Personalized route recommendation for ride-hailing with deep inverse reinforcement learning and real-time traffic conditions

https://doi.org/10.1016/j.tre.2022.102780Get rights and content

Highlights

  • We extend inverse reinforcement learning to consider real-time traffic conditions.

  • We propose a new method to calculate the expected state visitation frequency.

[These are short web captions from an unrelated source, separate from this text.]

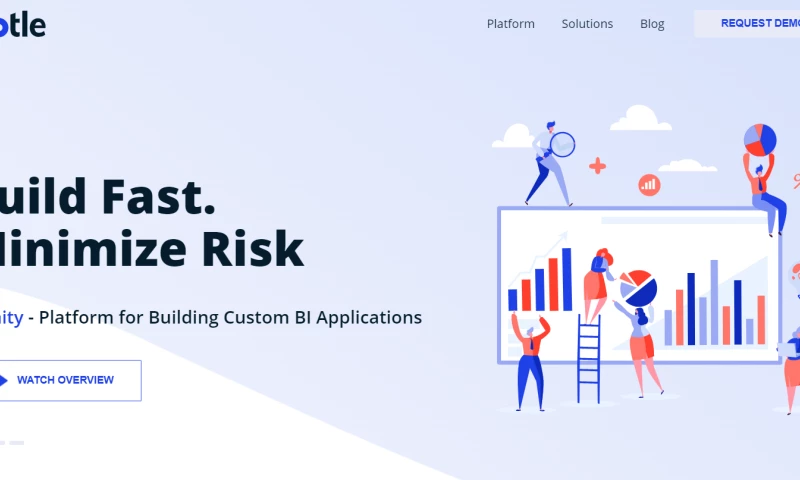 Inventorsoft - Stotle (Infinity)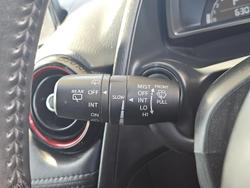 2018 Mazda CX-3 Maxx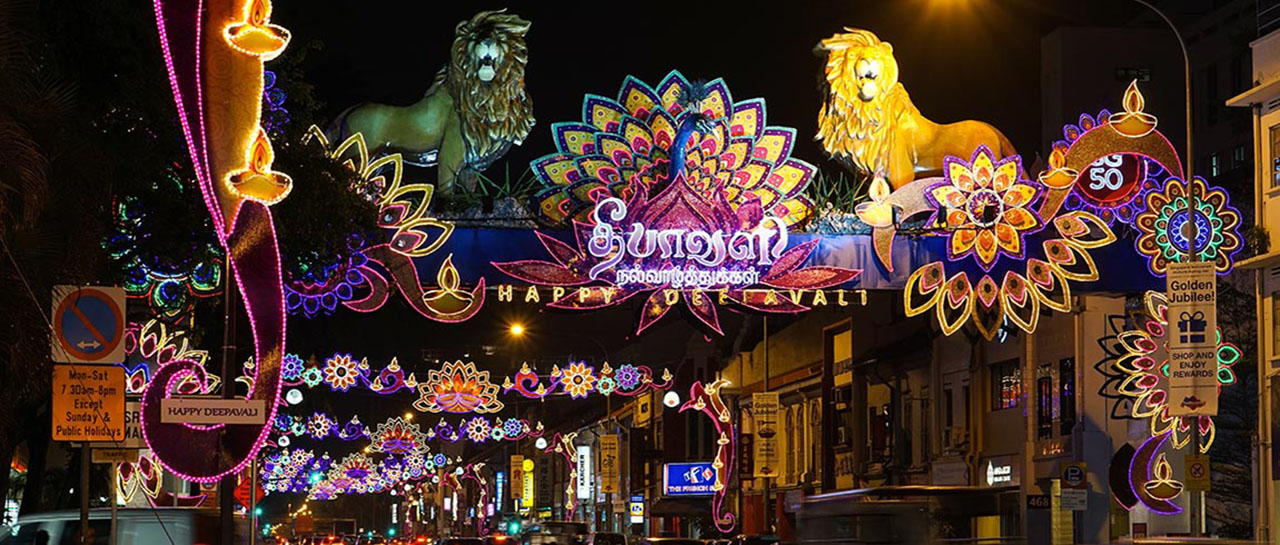 Diwali Hindu Festival of Light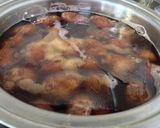 失敗なし 納得の栗の渋皮煮作り方6写真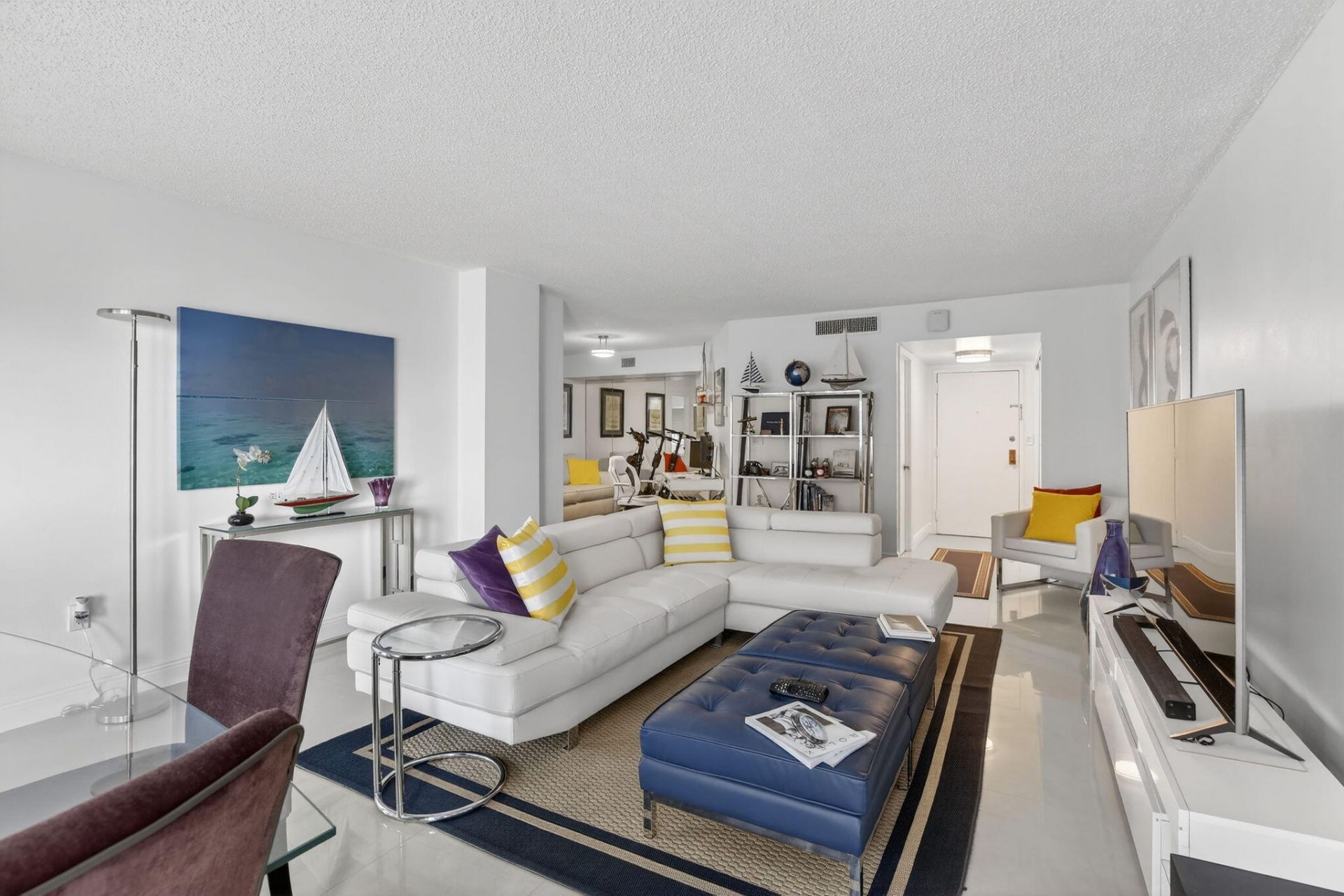 3400 Galt Ocean Drive, Unit 1008s, Fort Lauderdale, FL 33308 Photo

  • Numerical experiments on real ride-hailing trajectories validate our model.

Abstract

Personalized route recommendation aims to recommend routes based on users’ route preference. The vast amount of GPS trajectories tracking driving behavior has made deep learning, especially inverse reinforcement learning (IRL), a popular choice for personalized route recommendation. However, current IRL studies assume that the traffic condition is static and approximate the expected state visitation frequencies to update the neural network. This study improves the IRL to recommend personalized routes considering real-time traffic conditions. We also improve the expected state visitation frequency calculation based on characteristics of ride-hailing and taxi trajectories to calculate the gradient of the neural network. In addition, the graph attention network is employed to capture the spatial dependencies between road segments. Numerical experiments using real ride-hailing trajectories in Chengdu, China validate our model. At last, a statistical test is conducted, and route preferences reflected by the same driver’s empty trajectories and occupied trajectories are found to have significant differences.

Introduction

Ride-hailing (e.g., Didi Chuxing) services play an important role in urban transportation and have gained much attention in China. As reported by China Daily (2021a), Chinese ride-hailing service has boomed in recent years, serving around 21 million trips per day. Behind the popularity of online ride-hailing, many drivers do not follow the route planned by the ride-hailing platform and induce social problems. For example, on February 6, 2021, a woman in Changsha, China found the ride-hailing driver deviated from the planned route. She was afraid and jumped out of the car and died (China Daily, 2021b). Similarly, a woman feared that the driver did not follow the navigation route, ejected herself from the car, and fractured her arm in Hangzhou, China on June 12, 2021 (Global Times, 2021). These incidents illustrate the serious consequences of ride-hailing drivers not following the planned route of online ride-hailing platforms. An important reason for drivers to deviate is that the planned route does not conform to personal route preferences (People’s Daily Online, 2021). Therefore, it is meaningful for ride-hailing platforms to consider drivers’ route preferences when planning routes.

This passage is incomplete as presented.